Das AG Frankfurt a. M. (Urt. v. 11.04.2008 - Az.: 31 C 2456/07 - 16) hatte darüber zu entscheiden, in welcher Höhe Abmahnkosten bei Ed Hardy-Plagiaten anfallen.

Nach Ansicht der Frankfurter Richter kommt der Kläger, der seinen Anspruch auf Plagiate stützt, bereits dann seiner Beweislast nach, wenn er darlegt, dass ein Produkt in dieser Ausgestaltung gar nicht offiziell hergestellt wird. Es obliegt dann dem Beklagten darzulegen, warum es sich bei den beanstandeten Waren um Originale handelt.

"Dem Beklagten, welcher das T-Shirt auf eBay angeboten hat, ist durchaus zuzumuten, zur Herkunft des T-Shirts und dessen Kaufpreis durch Befragen seiner Bekannten als Schenker oder den sonstigen Umständen genauer vorzutragen, die ihn zu der Erkenntnis bringen, es handele sich beim dem T-Shirt um ein Original.

Außerdem ist es dem Beklagten möglich, sich im Handel oder im Internet zu erkundigen, ob das streitgegenständliche T-Shirt auch mit V-Ausschnitt angeboten wird.

Auf das Erfordernis eines qualifizierten Bestreitens hat das Gericht den Beklagten hingewiesen."

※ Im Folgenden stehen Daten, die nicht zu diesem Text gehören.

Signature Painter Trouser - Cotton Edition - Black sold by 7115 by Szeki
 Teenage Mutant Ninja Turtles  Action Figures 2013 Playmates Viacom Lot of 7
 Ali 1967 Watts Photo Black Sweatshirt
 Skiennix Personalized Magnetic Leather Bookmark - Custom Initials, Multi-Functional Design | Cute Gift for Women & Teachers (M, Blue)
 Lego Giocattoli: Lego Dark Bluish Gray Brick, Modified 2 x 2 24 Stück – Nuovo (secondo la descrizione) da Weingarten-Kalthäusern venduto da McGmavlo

Dann führt das Gericht aus, dass es einein Streitwert von 50.000,- EUR und eine 1,3-Gebühr für die außergerichtliche Abmahnung auch dann für angemessen hält, wenn der eBay-Verkäufer nicht gewerblich gehandelt und lediglich ein einziges Plagiat veräußert hat.

"Der anwaltlichen Kostennote zugrunde gelegte Gegenstandswert von 50.000,00 € ist ebenfalls nicht zu beanstanden (...). Maßgeblich ist das Interesse des Klägers an einer Unterbindung des Eingriffs in das ihm zustehende Urheberrecht. Die Marke Ed Hardy ist weltweit bekannt und hat auch in Deutschland an Bekanntheit und Beliebtheit gewonnen.

Das Angebot des Beklagten konnte ebenfalls weltweit im Internet abgerufen werden. Der Umstand, dass der Beklagte möglicherweise nicht gewerblich, sondern als Privatperson gehandelt hat, und nur ein T-Shirt verkauft hat, ist bei dem Ansatz des vorgenannten Gegenstandswertes ausreichend berücksichtigt.

Der Ansatz einer 1,3er Geschäftsgebühr (...) stellt sich ebenfalls als billig (...) dar."